**PROBLEM TO WORK ON:** Pictures are to be omitted; everything else in the data must be transcribed exactly.

**DATA:**
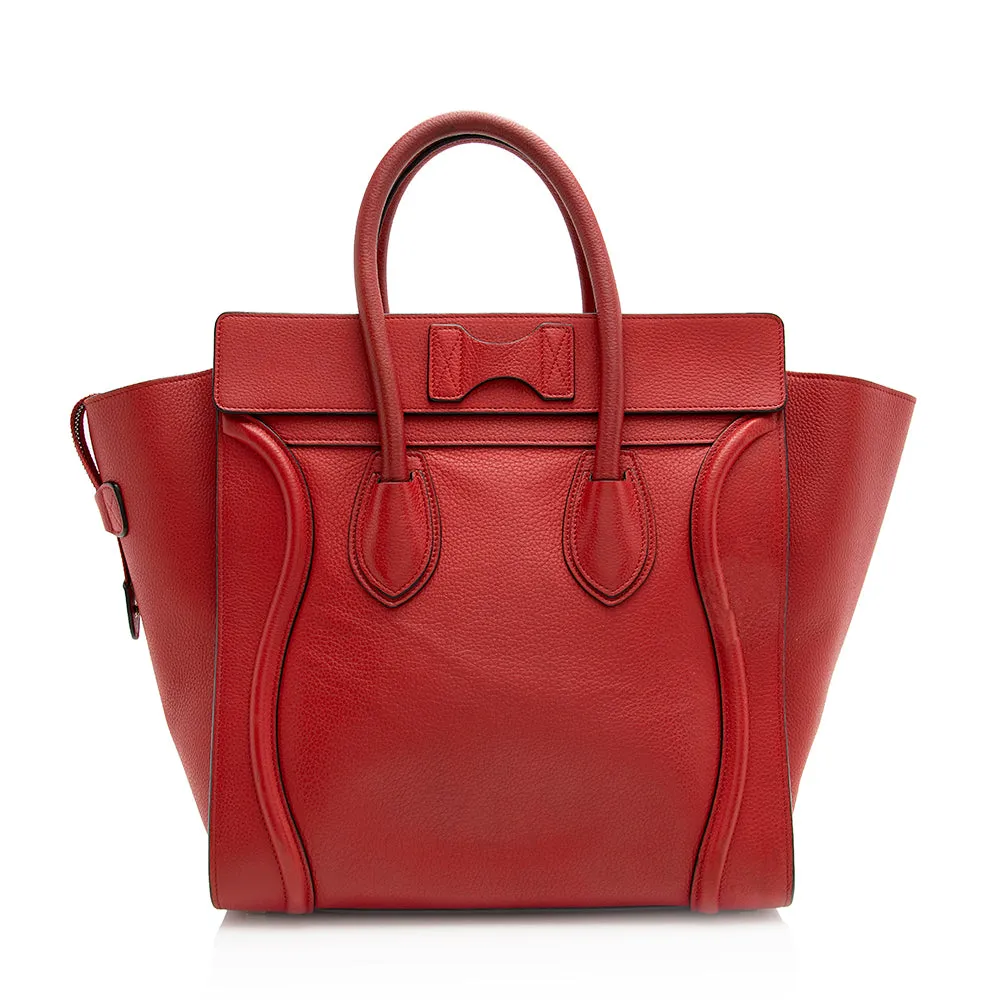 Celine Drummed Calfskin Mini Luggage Tote (SHF-21338)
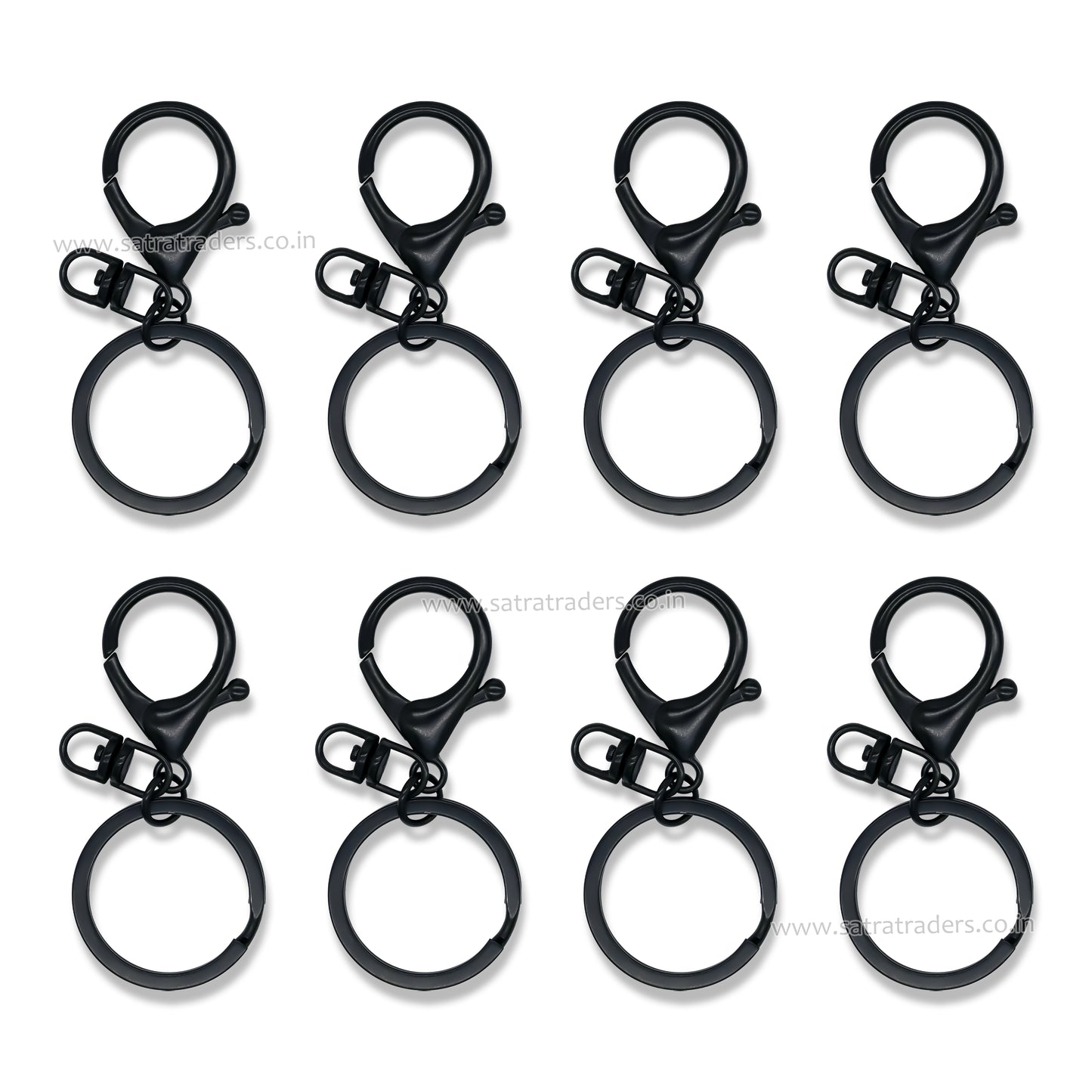 Matt Black Lobster Claw Clasp | Size : 67mm | Qty : 10pcs | BF136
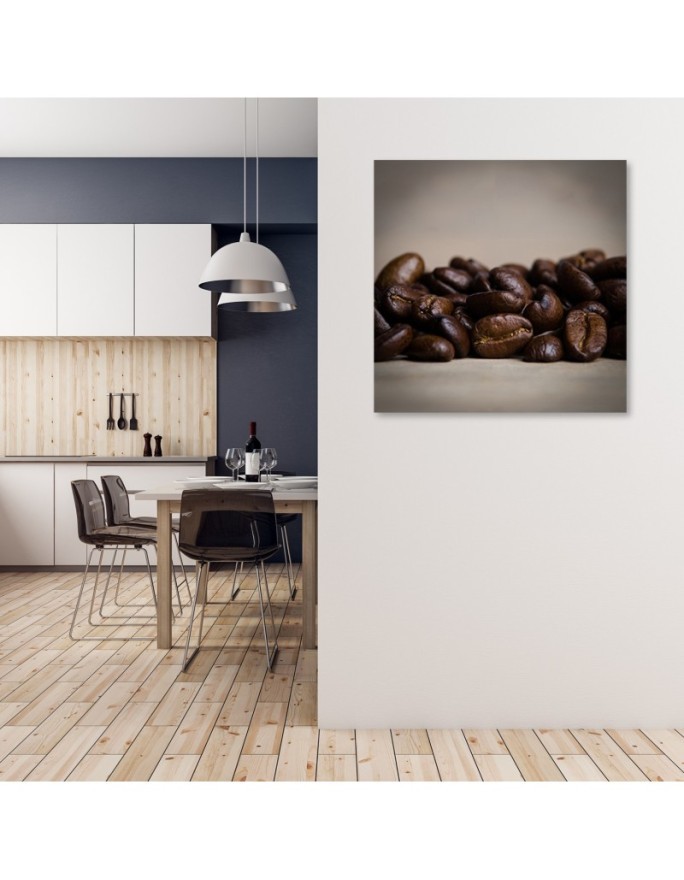 Modern Canvas painting for coffee shop - Coffee beans | FEEBY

**SOLUTION TO THIS PROBLEM:**
 Celine Drummed Calfskin Mini Luggage Tote (SHF-21338)
 Matt Black Lobster Claw Clasp | Size : 67mm | Qty : 10pcs | BF136
 Modern Canvas painting for coffee shop - Coffee beans | FEEBY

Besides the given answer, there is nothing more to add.